Id the USA’s software patent madness continues I can see all software development moving to countries that do not have software patents, like … Oh yes, everywhere else!, This will still make it a little difficult to sell software in the USA but “The rest of the World” is a rather large market and the USA can be ignored.

Say goodbye to innovation in the US software industry…

I have been saying for years I believe it is impossible for ANY non-trivial software to be developed without infringing on someone’s patent, somewhere. It is indeed mutually assured destruction.

Wait until you notice someone has a patent on parts of your DNA.

And software patents aren’t restricted to the US. While software patents don’t officially exist, ‘computer-implemented inventions’ can be patented, and the german and european patent offices even grant patents that are quite possibly in contradiction to the ‘no software patents’ policy.

There’s an error in your article. You said:

“There was a hullabaloo recently about Microsoft rattling their software patent sabers. Sadly, there’s nothing notable about it; this is simply business as usual for everyone in the software industry.
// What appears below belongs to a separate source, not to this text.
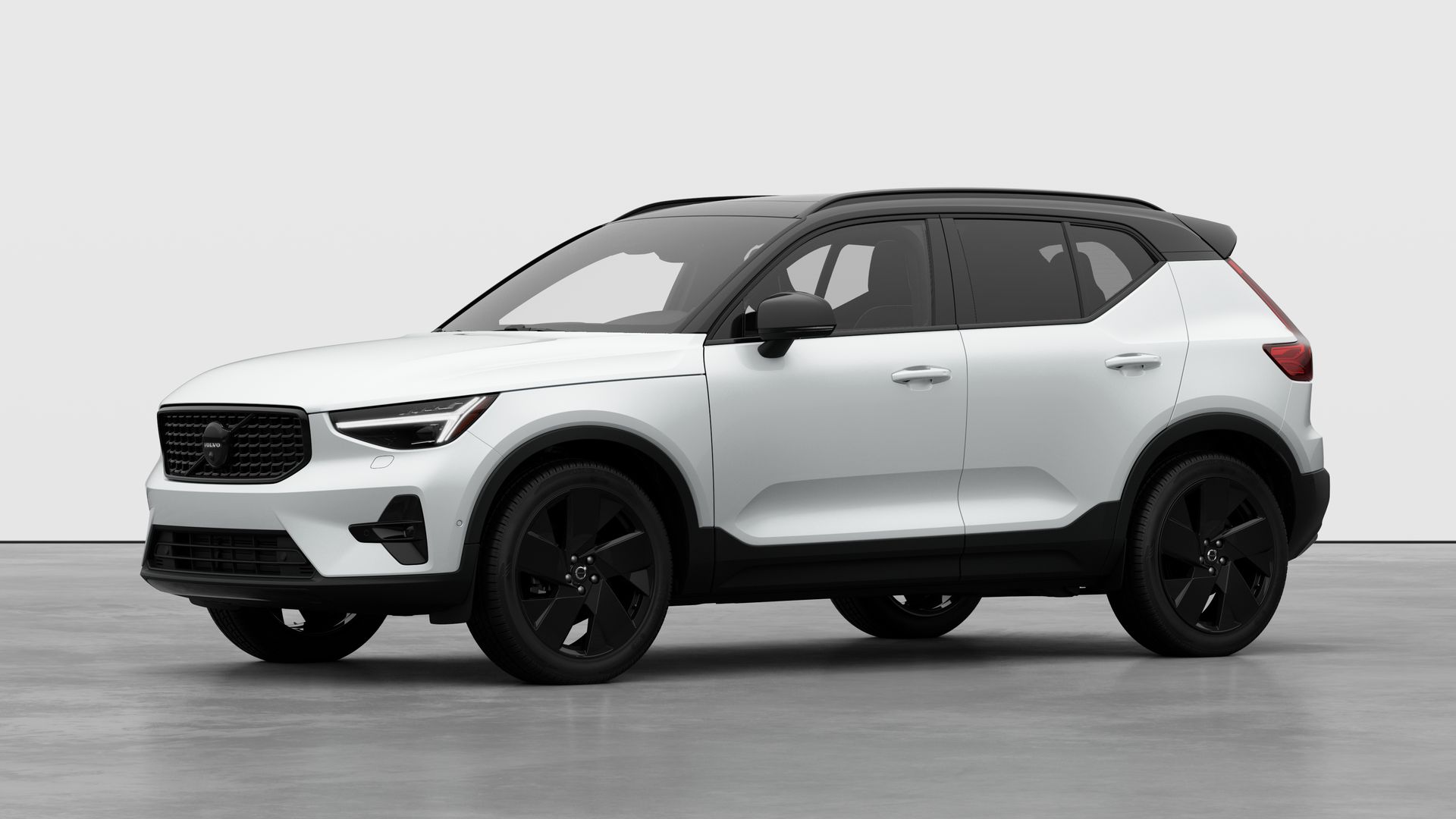 2026 Volvo XC40 Ultra Black Edition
Software companies are forced to build huge stockpiles of software patents solely to be used as deterrents.”

Rattling sabers is an offensive move, not a defensive one.

Bill Gates quote:

“If people had understood how patents would be granted when most of today’s ideas were invented and had taken out patents, the industry would be at a complete standstill today. … The solution is patenting as much as we can. A future startup with no patents of its own will be forced to pay whatever price the giants choose to impose. That price might be high. Established companies have an interest in excluding future competitors.”

Hello, hypocrisy.

“There are examples of innovation the may not have happened without patents. Take the all ubiquitousness mp3 format.”

Which isn’t even that good of a format. OGGs have superior compression in most cases and is open source. Think of how many songs you could fit on your ipod if OGG had become the dominant file format, instead of mp3, when you consider the songs are 2/3 the size.

I’m not even sure that copyright for software is a good idea, or at least not for the amount of time written/performance/etc art is. Look at Windows 3.11. When it finally enters public domain, who is going to care? I doubt anyone is going to have the hardware to run it by the time that happens.